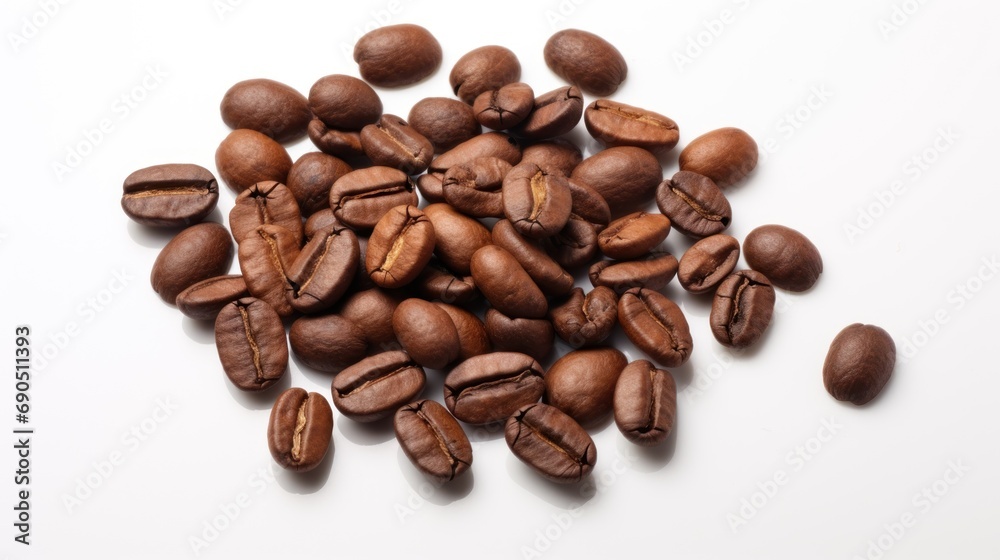 a pile of coffee beans sitting next to each other on top of a white surface with lots of coffee beans on top of it. a pile of coffee beans sitting next to each other on top of a white surface with lots of coffee beans on top of it.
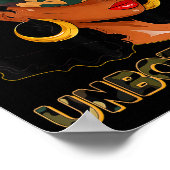 Unbothered Black Woman Melanin African Black Histo Poster (Hoek)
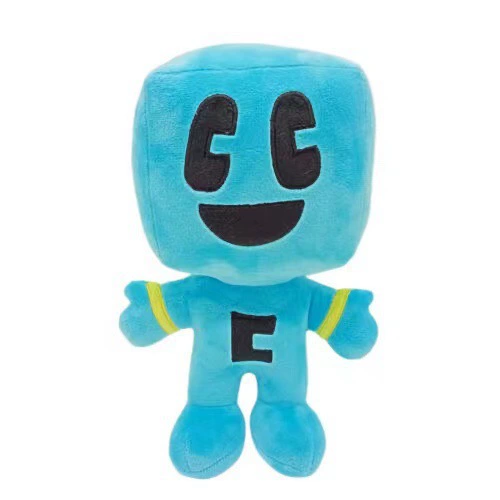 Plush Character Doll, Assorted Block-Style Figures, Multiple Sizes 18–33 cm, Vacuum Pack Option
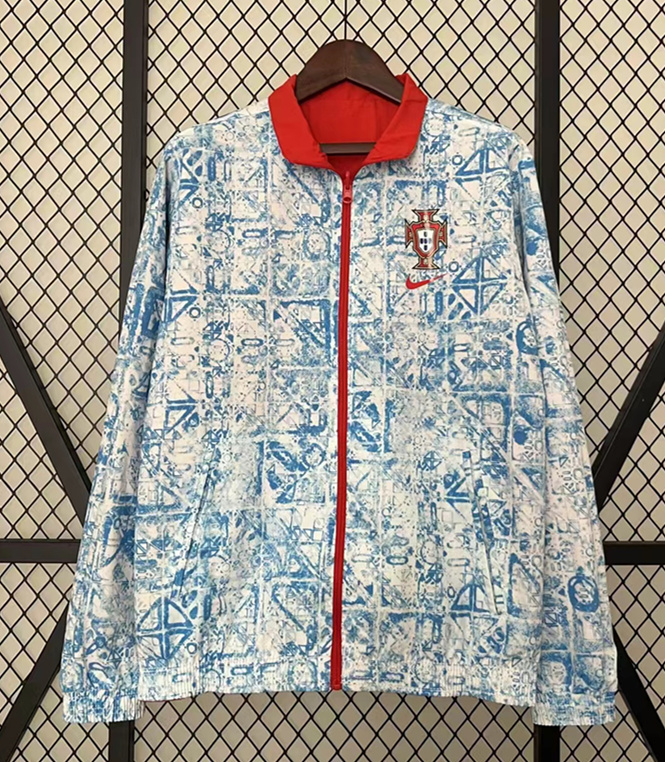 2024-2025 Portugal Red&Blue Double-Sided Wear Thailand Trench Coats-0255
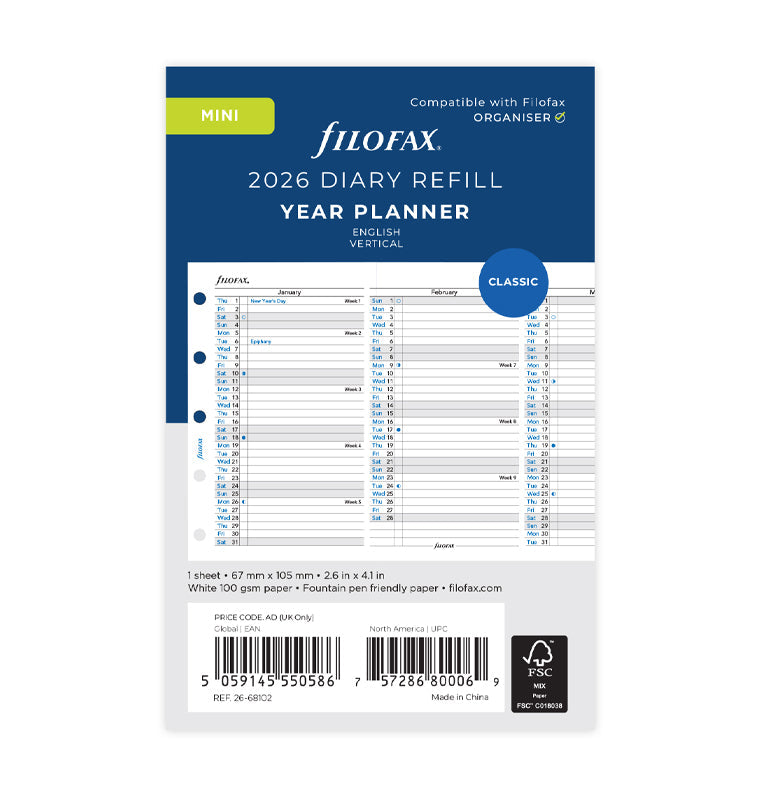 filofax-jahresplaner-leporello-englisch-mini-2026 image 1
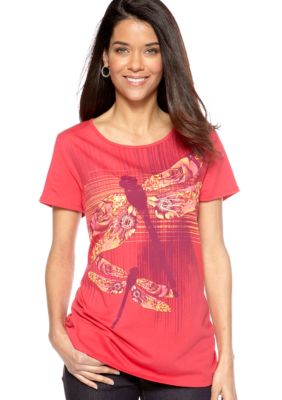 Kim Rogers Short Sleeve Art Dragonfly Tee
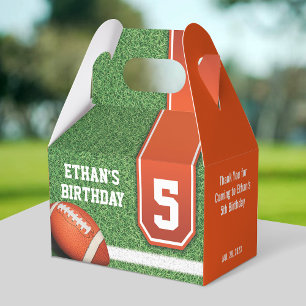 Football Theme Birthday Favour Boxes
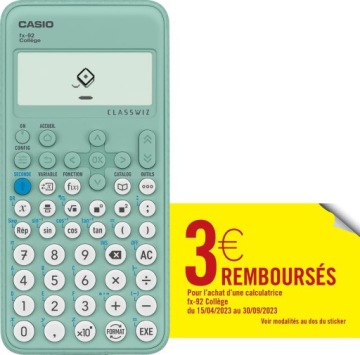 Калькулятор Casio FX-92COL-COVER-MK ОПИСАНИЕ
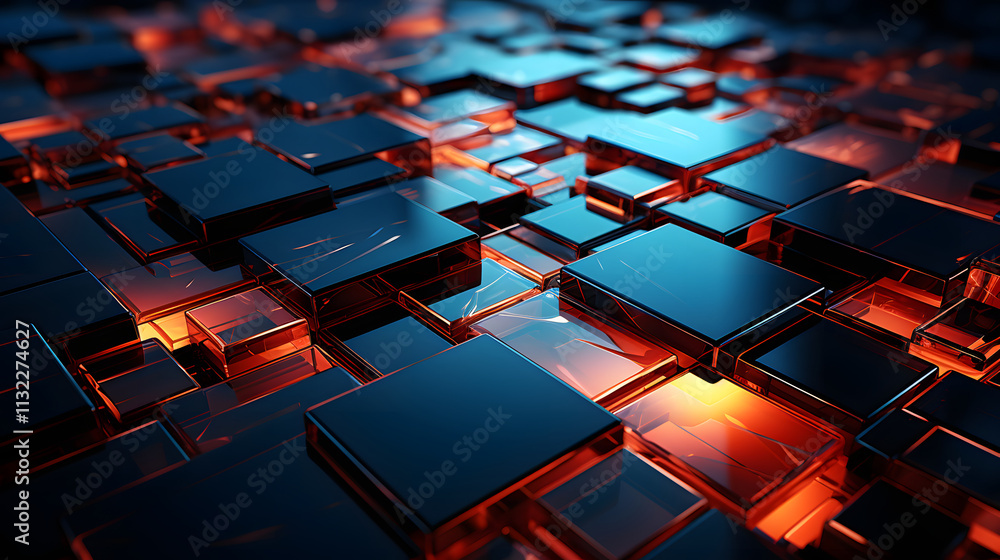 Obraz premium Digital technology professional business wallpaper abstract poster PPT background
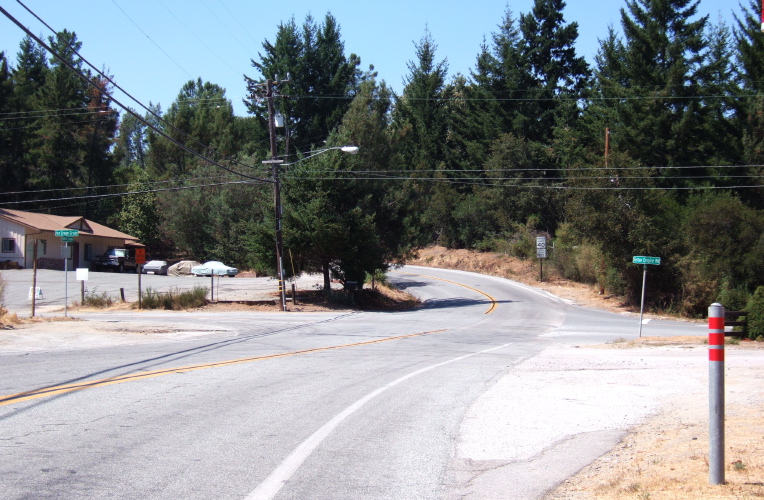 Empire Grade Rd., Felton-Empire Rd., and Ice Cream Grade Rd.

· · ·

_YOUR INSTRUCTIONS_: Please copy, exactly as written, the lines from the one that contains "Unbothered Black Woman" through the end of the records, both ends included. Do not include the pictures.

_ANSWER SPACE_:
 Unbothered Black Woman Melanin African Black Histo Poster (Hoek)
 Plush Character Doll, Assorted Block-Style Figures, Multiple Sizes 18–33 cm, Vacuum Pack Option
 2024-2025 Portugal Red&Blue Double-Sided Wear Thailand Trench Coats-0255
 filofax-jahresplaner-leporello-englisch-mini-2026 image 1
 Kim Rogers Short Sleeve Art Dragonfly Tee
 Football Theme Birthday Favour Boxes
 Калькулятор Casio FX-92COL-COVER-MK ОПИСАНИЕ
 Obraz premium Digital technology professional business wallpaper abstract poster PPT background
 Empire Grade Rd., Felton-Empire Rd., and Ice Cream Grade Rd.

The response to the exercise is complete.